A common feature of many of the vocal compositions of these years is the choice of subjects that function as allegories for reflection upon socio-political themes. The Death of Moses (1992) uses Moses' angry refusal to die as an allegory for the destiny of the victims of the Holocaust; while the cantata Babylon the Great is Fallen (1979) and the opera Behold the Sun (1985)—for which Babylon the Great can be considered to be a sketch study—both explore the themes of violent revolution via the texts from the Anabaptist uprising in Münster of 1543. There are also non-political works such as the Sing, Ariel, that recalls Messiaen's stylised birdsong and sets a kaleidoscope of English poetry, and the opera Arianna (1995)—written on a Rinuccini libretto for L'Arianna, a lost opera by Monteverdi—is a typically idiosyncratic exploration of the soundworld of Italian Renaissance. Indeed, Goehr's engagement with Monteverdi's music dates back to the cantata The Death of Moses, which he described as "Monteverdi heard through Varèse". Arianna is also the piece that most overtly displays Goehr's intent to turn his reinvention of the past into a musical process that the audience can hear and identify:

The impression I aim to create is one of transparency: the listener should perceive, both in the successive and simultaneous dimensions of the score, the old beneath the new and the new arising from the old. We are to see a mythological and ancient action, interpreted by a 17th-century poet in a modern theatre.

1996–2014 
Although the last fifteen years of Goehr's output have not received the generous coverage (both in terms of academic writing and frequency of performance) of his previous work, they arguably represent the most interesting of Goehr's compositional phases. This last decade's output is heralded by the striking opera Kantan and Damask Drum of 1999, premiered at the Dortmund Opera. This opera consists in fact of two plays from the Japanese Noh theatre tradition, separated by a short kyogen humorous interlude. Typically for Goehr, the Japanese texts date back to the 15th century and have been adapted by the composer for setting. The lusciously tonal idiom does not indulge in orientalism, but rather the relationship between music and drama in Noh animates the whole work. Again, with Kantan and Damask Drum the search continues for an expressive synthesis; in this case, it is one of western and eastern, past and present.

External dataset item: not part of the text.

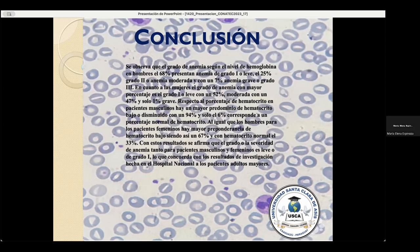Esto indica que existe un mayor predominio de anemia normocítica normocrómica en los pacientes de la tercera edad, seguida con menor proporción por la anemia microcítica hipocrómica. Con una población de 708 pacientes, de los cuales 357 presentan anemia, se determinó una prevalencia del 50%. Se obtuvo además que hay una mayor prevalencia de anemia en los pacientes masculinos con un 63% y un 37% para los pacientes femeninos.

In the following years, Goehr devoted himself almost exclusively to chamber music. This is perhaps a response to the difficulties he experienced in the staging of his operas: the limited amount of financial support needed for a chamber music performance allows for music and performance venues that stray off the beaten path while allowing the composer more control over the quality of the performance.
Through the chamber music medium Goehr gains an unprecedented rhythmic and harmonic immediacy, while his music remains ever permeable by the music and imagery of other times and places: the Piano Quintet (2000) and the Fantasie for cello and piano (2005) are haunted by rich sonorities of a thoroughly Ravel-like quality.

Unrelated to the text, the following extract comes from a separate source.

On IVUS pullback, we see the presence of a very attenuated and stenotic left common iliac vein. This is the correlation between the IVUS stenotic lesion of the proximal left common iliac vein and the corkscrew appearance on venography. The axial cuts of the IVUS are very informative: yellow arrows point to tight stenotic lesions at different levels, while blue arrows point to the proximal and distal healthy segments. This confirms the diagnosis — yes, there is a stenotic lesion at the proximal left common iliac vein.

The set of piano pieces Symmetry Disorders Reach (2007) is a barely disguised baroque suite haunted by the spirit of early Berg. Marching to Carcassonne (2003) flirts with neoclassicism and Stravinsky, and Manere for violin and clarinet (2008), based on a fragment of medieval plainchant, is a typical foray into the art of musical ornament. Also written in 2008 is Since Brass nor Stone for string quartet and percussion (2008), a memorial to Pavel Haas. Inspired by a Shakespeare sonnet, from which it borrows its title, this work is representative of the inventiveness of Goehr's recent chamber work. One reviewer described the soundworld of the work as 'hiccupping fugal patterns overlaid with intricate, delicate percussion [...] a magical garden of dappled textures'.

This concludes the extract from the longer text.